12. As with the production of any other documents in this litigation, production of email shall be subject to and may be limited by the producing party's objections, pursuant to Federal Rule of Civil Procedure 34, and nothing in this Order shall be construed to the contrary.
13. For all other ESI that must be preserved and searched, reviewed and produced, and which does not qualify as email ESI as set forth above, a producing party shall be subject to its general obligation to conduct a reasonable search to locate and produce any responsive information (subject to its objections) pursuant to Federal Rule of Civil Procedure 34. Such search may include using search terms to search ESI on central databases, servers, or individual hard drives, or producing all ESI from particular electronic folders or files likely to contain responsive information, and/or any other appropriate method to capture the responsive information.
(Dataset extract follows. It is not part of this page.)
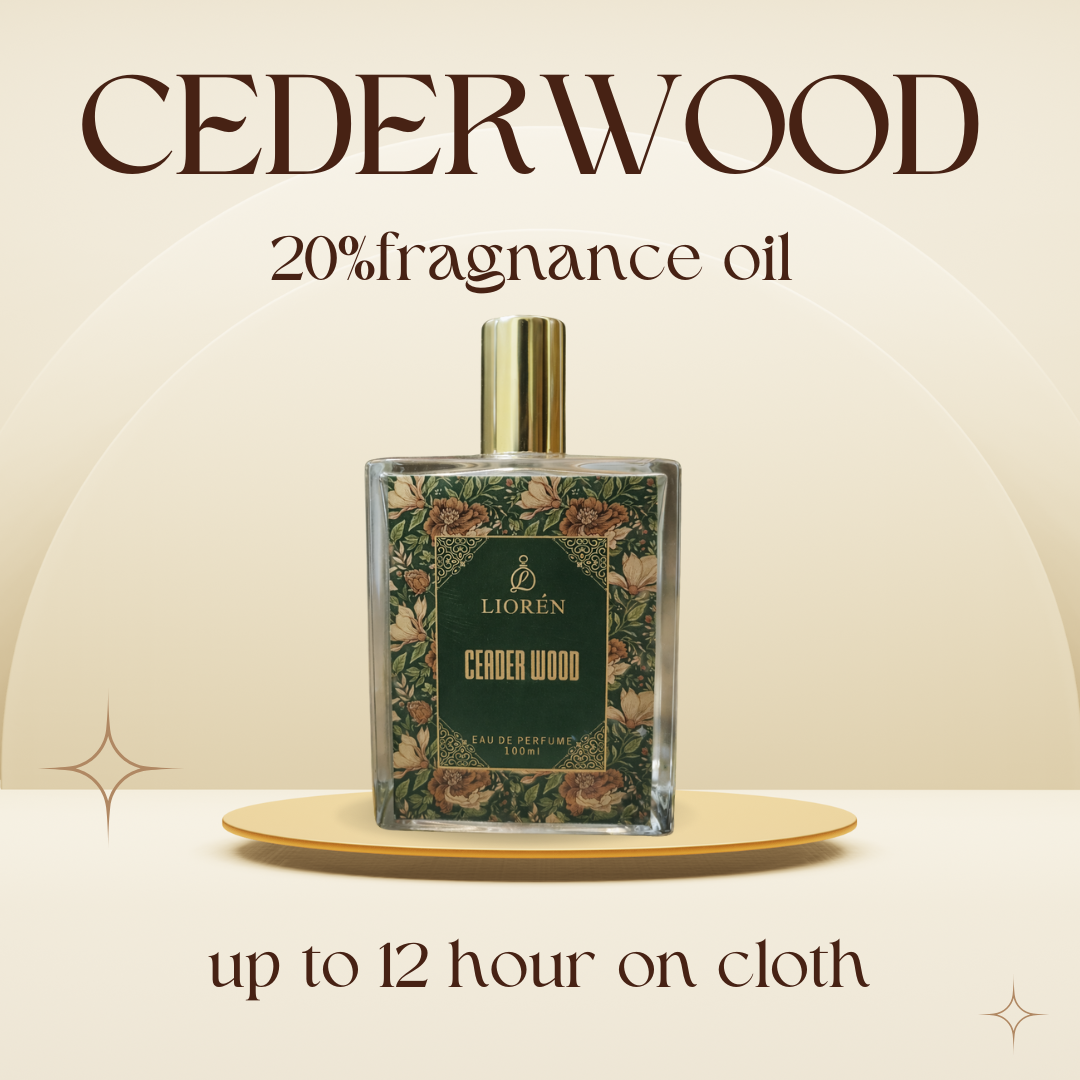 Cedarwood – Long Lasting Woody Aromatic Perfume for Men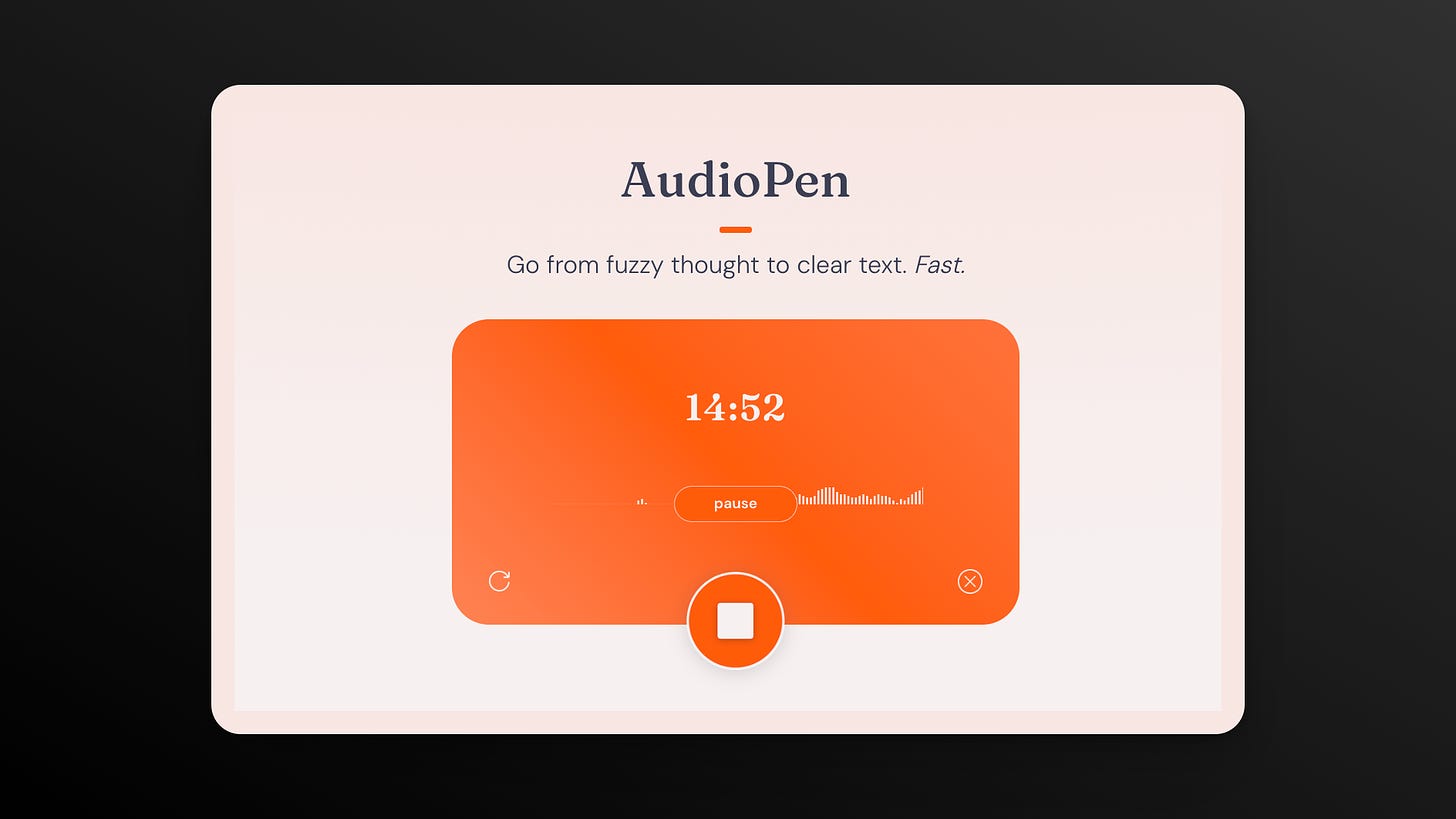 AudioPen AI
14. For email production, the following metadata shall be included, if available:
15. For production of all other ESI, the following metadata shall be included, if available:
16. Should additional metadata exist that if provided would significantly aid a receiving party in understanding or using a particular document(s), if requested, the producing party shall not unreasonably withhold such metadata if such metadata is reasonably accessible.
17. Nothing in this Order prevents the parties from agreeing to use technology assisted review and other techniques insofar as their use improves the efficacy of discovery.
In accordance with Civil Local Rule 5-1(i)(3), I attest that concurrence in the filing of this document has been obtained from any other signatory to this document.